(Dataset entries)
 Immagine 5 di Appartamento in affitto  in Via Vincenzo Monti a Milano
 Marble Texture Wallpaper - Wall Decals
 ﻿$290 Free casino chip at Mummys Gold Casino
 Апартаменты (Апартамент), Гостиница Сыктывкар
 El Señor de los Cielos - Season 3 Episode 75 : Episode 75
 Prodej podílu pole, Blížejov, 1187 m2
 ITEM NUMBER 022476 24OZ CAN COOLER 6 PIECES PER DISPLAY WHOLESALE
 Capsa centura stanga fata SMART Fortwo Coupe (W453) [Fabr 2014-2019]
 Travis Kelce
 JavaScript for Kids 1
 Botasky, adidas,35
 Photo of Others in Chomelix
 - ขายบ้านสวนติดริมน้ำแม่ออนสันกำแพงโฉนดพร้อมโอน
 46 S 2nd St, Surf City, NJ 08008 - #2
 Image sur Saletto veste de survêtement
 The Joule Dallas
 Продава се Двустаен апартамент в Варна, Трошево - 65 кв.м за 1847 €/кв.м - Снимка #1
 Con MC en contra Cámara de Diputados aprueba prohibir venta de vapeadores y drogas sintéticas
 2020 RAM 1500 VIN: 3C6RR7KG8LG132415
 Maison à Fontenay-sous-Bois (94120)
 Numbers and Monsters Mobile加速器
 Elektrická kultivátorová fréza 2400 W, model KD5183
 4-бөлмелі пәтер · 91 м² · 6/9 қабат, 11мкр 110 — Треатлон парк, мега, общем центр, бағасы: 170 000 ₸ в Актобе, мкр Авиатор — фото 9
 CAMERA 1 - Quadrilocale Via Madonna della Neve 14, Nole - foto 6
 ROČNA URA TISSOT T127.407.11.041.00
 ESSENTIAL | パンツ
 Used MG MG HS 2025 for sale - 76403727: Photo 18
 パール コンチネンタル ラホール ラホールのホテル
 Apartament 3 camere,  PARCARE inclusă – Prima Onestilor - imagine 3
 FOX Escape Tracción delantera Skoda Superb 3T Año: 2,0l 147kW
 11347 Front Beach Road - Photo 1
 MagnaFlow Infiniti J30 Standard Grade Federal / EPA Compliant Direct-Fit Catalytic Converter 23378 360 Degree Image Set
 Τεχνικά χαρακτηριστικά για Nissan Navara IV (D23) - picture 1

▶ **WORK INSTRUCTION**:
Transcribe each record exactly. Leave nothing out.

▶ **RESULT OF THIS TASK**:
 Immagine 5 di Appartamento in affitto  in Via Vincenzo Monti a Milano
 Marble Texture Wallpaper - Wall Decals
 ﻿$290 Free casino chip at Mummys Gold Casino
 Апартаменты (Апартамент), Гостиница Сыктывкар
 El Señor de los Cielos - Season 3 Episode 75 : Episode 75
 Prodej podílu pole, Blížejov, 1187 m2
 ITEM NUMBER 022476 24OZ CAN COOLER 6 PIECES PER DISPLAY WHOLESALE
 Capsa centura stanga fata SMART Fortwo Coupe (W453) [Fabr 2014-2019]
 Travis Kelce
 JavaScript for Kids 1
 Botasky, adidas,35
 Photo of Others in Chomelix
 - ขายบ้านสวนติดริมน้ำแม่ออนสันกำแพงโฉนดพร้อมโอน
 46 S 2nd St, Surf City, NJ 08008 - #2
 Image sur Saletto veste de survêtement
 The Joule Dallas
 Продава се Двустаен апартамент в Варна, Трошево - 65 кв.м за 1847 €/кв.м - Снимка #1
 Con MC en contra Cámara de Diputados aprueba prohibir venta de vapeadores y drogas sintéticas
 2020 RAM 1500 VIN: 3C6RR7KG8LG132415
 Maison à Fontenay-sous-Bois (94120)
 Numbers and Monsters Mobile加速器
 Elektrická kultivátorová fréza 2400 W, model KD5183
 4-бөлмелі пәтер · 91 м² · 6/9 қабат, 11мкр 110 — Треатлон парк, мега, общем центр, бағасы: 170 000 ₸ в Актобе, мкр Авиатор — фото 9
 CAMERA 1 - Quadrilocale Via Madonna della Neve 14, Nole - foto 6
 ROČNA URA TISSOT T127.407.11.041.00
 ESSENTIAL | パンツ
 Used MG MG HS 2025 for sale - 76403727: Photo 18
 パール コンチネンタル ラホール ラホールのホテル
 Apartament 3 camere,  PARCARE inclusă – Prima Onestilor - imagine 3
 FOX Escape Tracción delantera Skoda Superb 3T Año: 2,0l 147kW
 11347 Front Beach Road - Photo 1
 MagnaFlow Infiniti J30 Standard Grade Federal / EPA Compliant Direct-Fit Catalytic Converter 23378 360 Degree Image Set
 Τεχνικά χαρακτηριστικά για Nissan Navara IV (D23) - picture 1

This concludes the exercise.